Casa Perfeita Alegria Peri destaca direito à moradia na Via Sacra da Criança e do Adolescente
27/03/2026

A Casa Perfeita Alegria Peri, projeto do Sefras – Ação Social Franciscana, foi um dos destaques da Via Sacra da Criança e do Adolescente, realizada nesta sexta-feira (27), no centro histórico de São Paulo. Inspirada pela Campanha da Fraternidade 2026, que traz como tema “Fraternidade e Moradia” e o lema “Ele veio morar entre nós”, a iniciativa reuniu centenas de participantes em um ato de fé e mobilização social.

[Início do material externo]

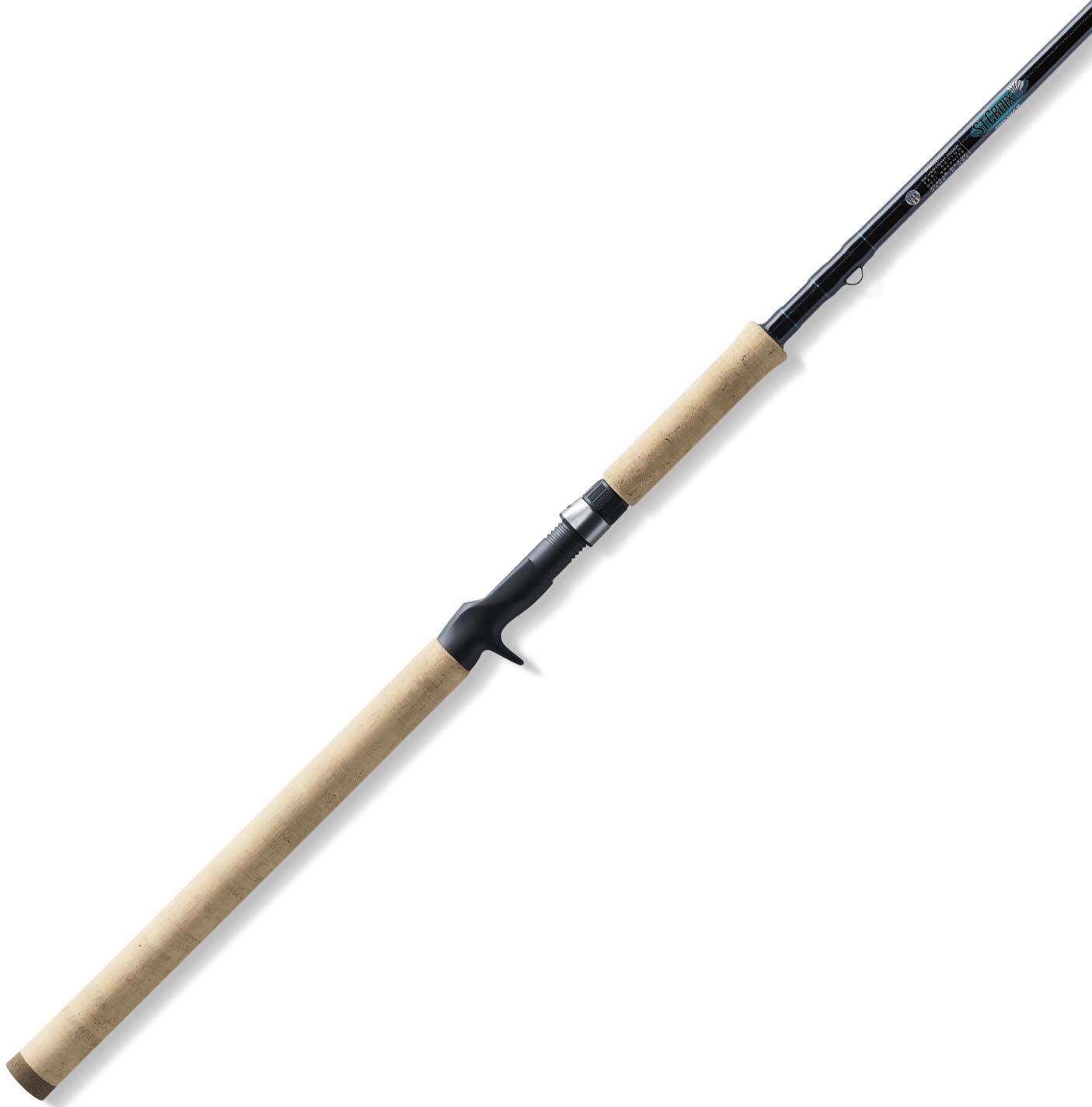 St. Croix Rods Premier Musky Casting Rod, 7'0" (PM70MHF)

Promovida pela Arquidiocese de São Paulo e pela Pastoral do Menor, a ação percorreu pontos simbólicos da cidade, como a Catedral da Sé, o Pateo do Collegio, a Praça do Patriarca e o Largo São Francisco. Ao longo do trajeto, crianças e adolescentes encenaram as estações da Paixão de Cristo, relacionando a narrativa bíblica com a realidade de vulnerabilidade vivida por muitas famílias. A proposta da Via Sacra une espiritualidade e realidade social, conectando a Paixão de Cristo às situações de vulnerabilidade enfrentadas na atualidade.

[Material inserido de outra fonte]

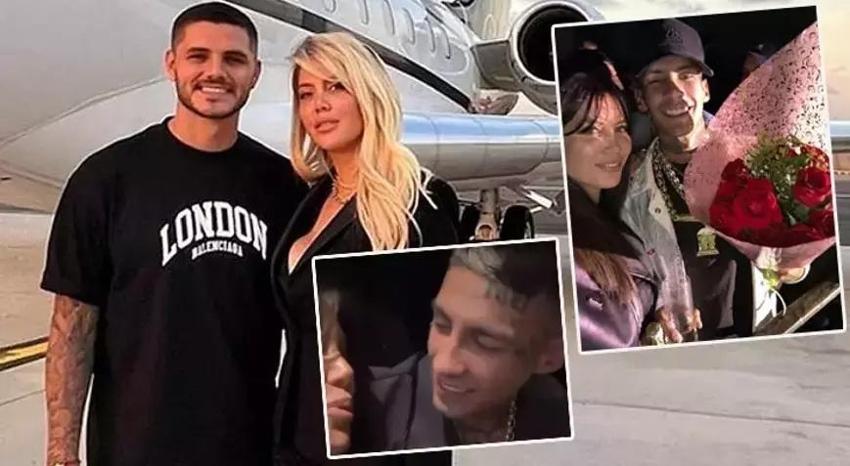 Resmen ilan etti! Wanda Nara’dan aşk paylaşımı geldi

“Ensinar o amor para as nossas crianças desde a primeira idade é uma das nossas atribuições e preocupações da Igreja. Celebrar o caminho da cruz com as crianças é celebrar o caminho do amor e nos convida a sermos cada vez mais amorosos”, destacou o frei Gustavo Medella, Vigário Provincial da Província Franciscana da Imaculada Conceição.

A participação do Sefras na Via Sacra acontece desde 2009, por meio da Casa Perfeita Alegria Peri, que atualmente atende cerca de 130 crianças e adolescentes na região. Desde 2014, o grupo também passou a integrar a construção do evento, assumindo a responsabilidade por uma das estações no Largo São Francisco.
Neste ano, os atendidos foram responsáveis pela encenação da Quarta Estação, trazendo uma forte reflexão sobre a perda da moradia em contextos de vulnerabilidade. A apresentação abordou situações como incêndios e enchentes, comuns em territórios periféricos, representando o impacto direto dessas tragédias na vida das famílias. Durante a encenação, estruturas que simulavam moradias foram desfeitas, evidenciando a fragilidade dessas habitações e a realidade enfrentada por muitas pessoas.
“Quando eu convido os educadores e as crianças para participarem da Via Sacra, eu trago essa dimensão política que o ato carrega. É um momento de luta por direitos, de mostrar o que não está funcionando, como a falta de moradia. Muitas crianças ainda não têm esse direito garantido”, afirmou Angela Assis, coordenadora da Casa Perfeita Alegria Peri.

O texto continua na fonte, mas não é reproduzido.